I already knew Mama didn’t have a year left, but I politely told him we’d cross that bridge when we got to it. Mama and I talked it over and I explained to her what the option was and how it would work and she agreed to having that done.

We both spent the rest of the day catnapping on and off, with intervals when Mama was awake when I’d lie on the bed beside her and read to her.

Mama had more anti-nausea and pain medication throughout the day and that night which enabled her to sleep comfortably. I spent another night tossing and turning in the lounger chair beside her bed.

Early on Sunday morning a nurse came in for me to sign off on the surgery. The gastroenterologist had written the orders to put Mama completely under and remove her gallbladder.

I refused to sign it, despite the nurse pushing me rather aggressively to, explaining that this was not what we had discussed with nor agreed to with the gastroenterologist the day before. 

Finally, I was able to persuade the nurse to get the gastroenterologist back to change the order. I wasn’t nasty about it, but I was firm and insistent.

He came in about an hour later and I could see the irritation on his face.

He asked what the problem. I told him that the orders he wrote were not what we agreed to and I reminded him that we had agreed to the alternative of putting a drain in to remove the infection.

His dismissive response was that he did so many of these that he’d simply forgotten that was what Mama’s procedure would be, but he did rewrite the order right then and I signed it.

The surgery went well and the infection was gone by the time the drain was removed six weeks later, but Mama’s health overall was declining more rapidly by then.

I haven’t forgotten, though, that Mama and I barely even got to acknowledge her birthday that year and I didn’t get to do anything special for her like I usually did.

I suppose even then I realized how much things were changing Mama and Daddywith and for Mama and that this was going to be the general tenor of our days for the rest of her life.

So I am thankful as her birthday nears this year, almost four years since her death, for the good memories, the sweet memories, the memories that will never die that keep her close in my heart, my love, and my mind.

Happy birthday, Mama.
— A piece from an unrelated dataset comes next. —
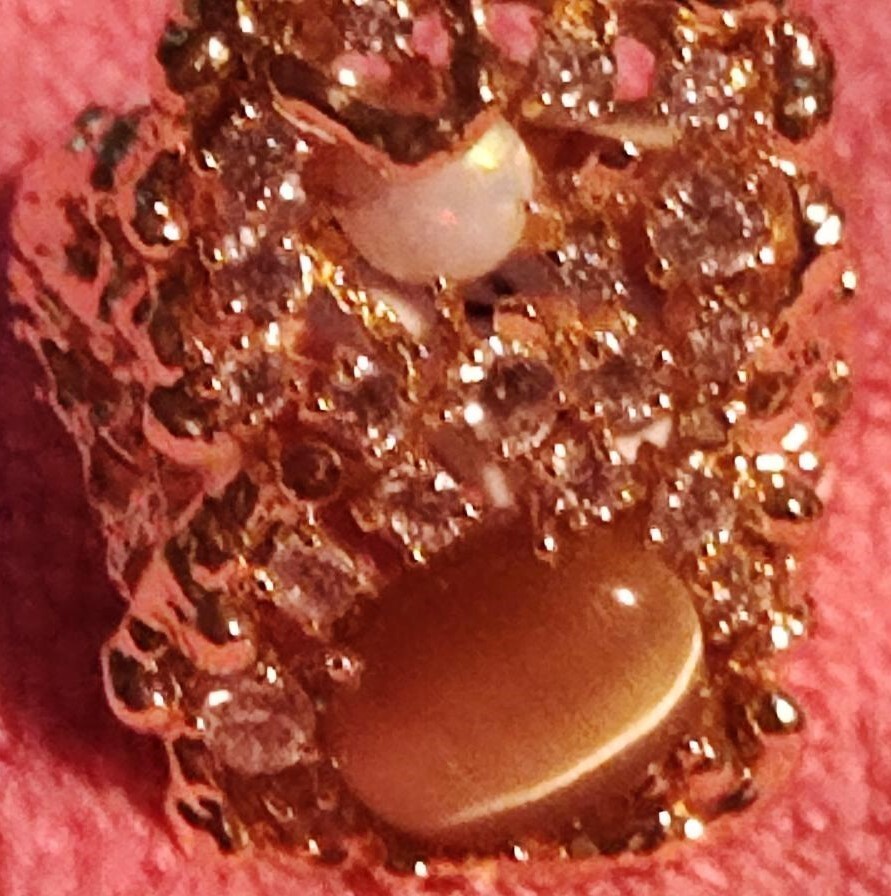 Picture 2 of 5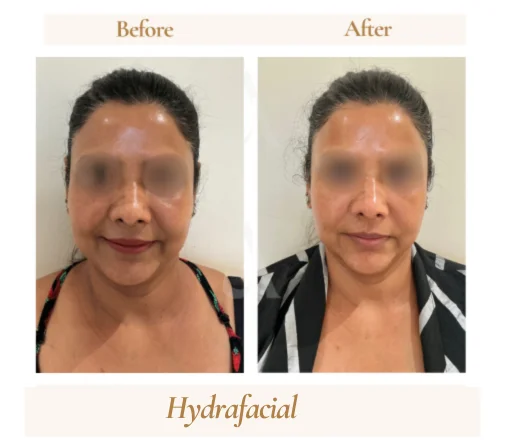 HydraFacial hydration before and after, House of Aetheria Gurugram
I love you and I miss you.

 

4 thoughts on “The Memories Never Die

  1. Beautiful post Sandra – I see the love for your Mother everywhere in this post. Doctors always want their way with patients – I have said no to doctors many times, and they have become very angry. I just started following a blogger who’s Mother was dying with Alzheimers. No one was following her blog, no one in her family was helping her deal with her crisis. Her Mother just passed away yesterday. I remember how people shunned my brother when he was still able to carry on a conversation – it was as if he had leprosy. It would make me so angry. I started my blog to write about my journey with my brother through dementia. Now when I try to post something about Dementia or my brother – everyone says I am grieving, let the past go. Ghee, my brother has been gone 4 months – how dare me grieve. My Mother has been gone for a decade, I still grieve for her. People do not realize grieving goes on until you die, you may accept it better, but it never ends. I remember my Mom on her wedding anniversary and her birthday, that is normal. Your love for your Mom is so wonderful and I say is, because your love is still there as strong as if she were still alive. I truly wish others in this world understood what life is all about – it is not money or posessions, it is about the people that you love and worshipping God. When I told one blogger I was still occassionally posting about dementia and mentioning my brother – that I was trying to help several bloggers I followed who were caregivers. The response was, well, I guess you have to be YOU. They do not have to read my posts about such a serious matter if they choose to stick their heads in the sand and think that the world is only about being happy. Never give up on this blog Sandra, somewhere down the road it is going to help someone tremendously. It has helped me very much. Your Mama was a beautiful lady and you think of her, grieve for her, cry tears for her and love her forever. I am going to remember my Mother and my Brother forever. It is nice to know someone who puts the proper value on life. God bless you my friend.